- [WHAT TO WORK ON] Among the entries below, find the line with "21731 ROUGH COUNTRY", then quote it and each following line up to and including the line with "FMC Ahşap Nem Ölçer", and nothing else.

BEGIN RECORDS FOR THIS EXERCISE

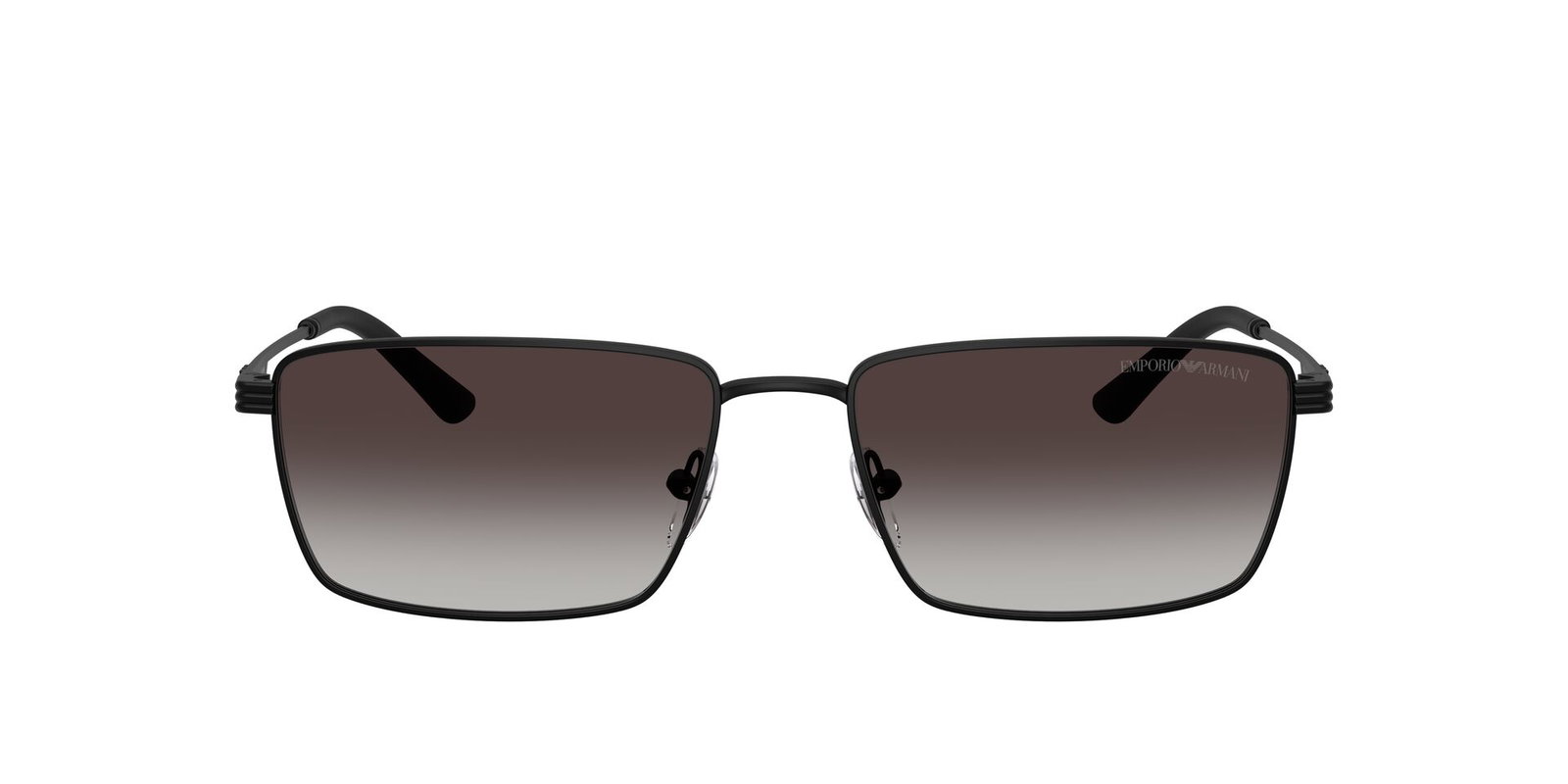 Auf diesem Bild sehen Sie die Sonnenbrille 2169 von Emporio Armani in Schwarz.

END RECORDS FOR THIS EXERCISE
BEGIN RECORDS FOR THIS EXERCISE

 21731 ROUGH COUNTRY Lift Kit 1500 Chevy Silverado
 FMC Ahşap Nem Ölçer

END RECORDS FOR THIS EXERCISE
BEGIN RECORDS FOR THIS EXERCISE

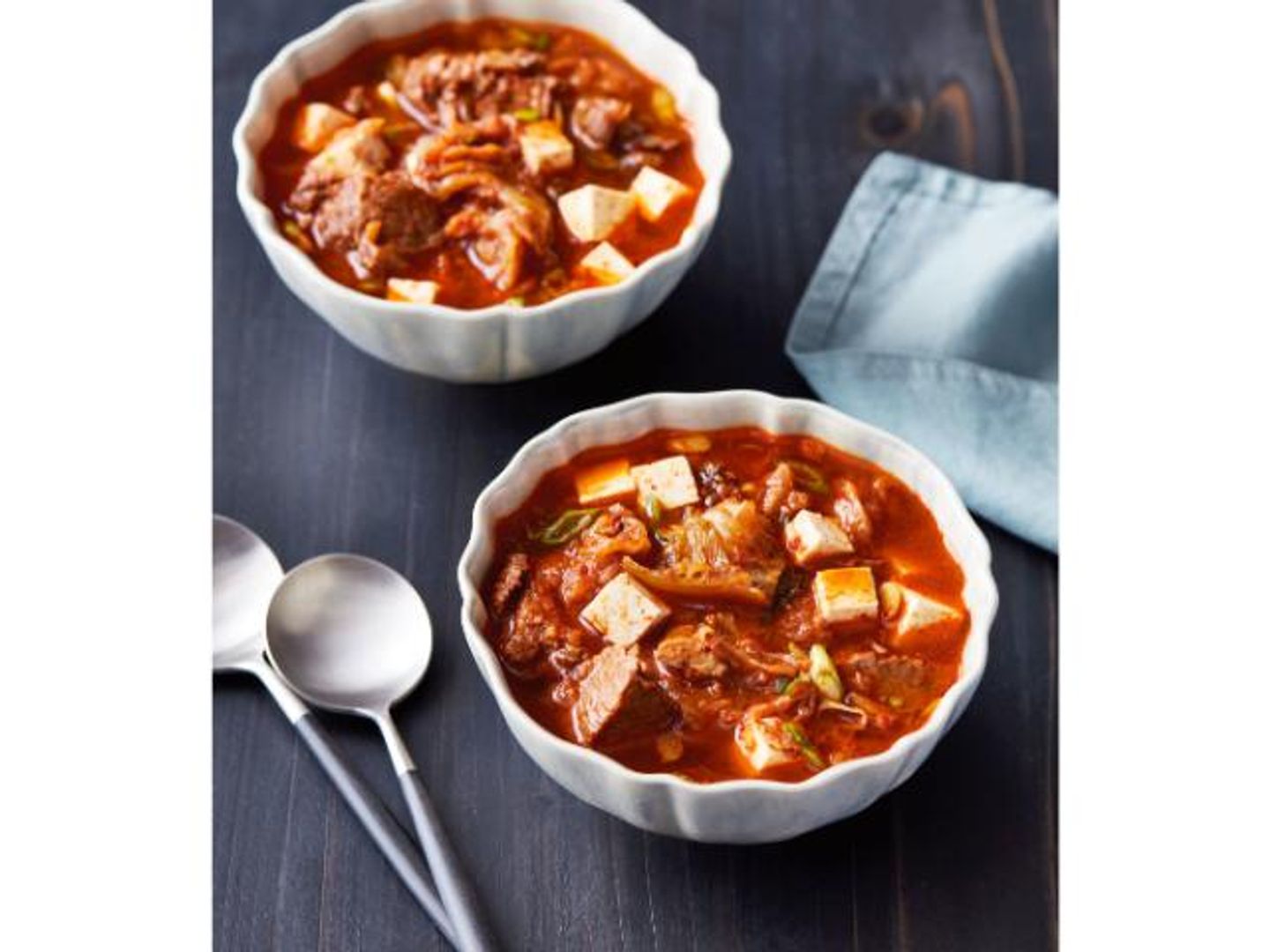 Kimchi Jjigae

END RECORDS FOR THIS EXERCISE

- [OUTPUT OF THE EXERCISE]
 21731 ROUGH COUNTRY Lift Kit 1500 Chevy Silverado
 FMC Ahşap Nem Ölçer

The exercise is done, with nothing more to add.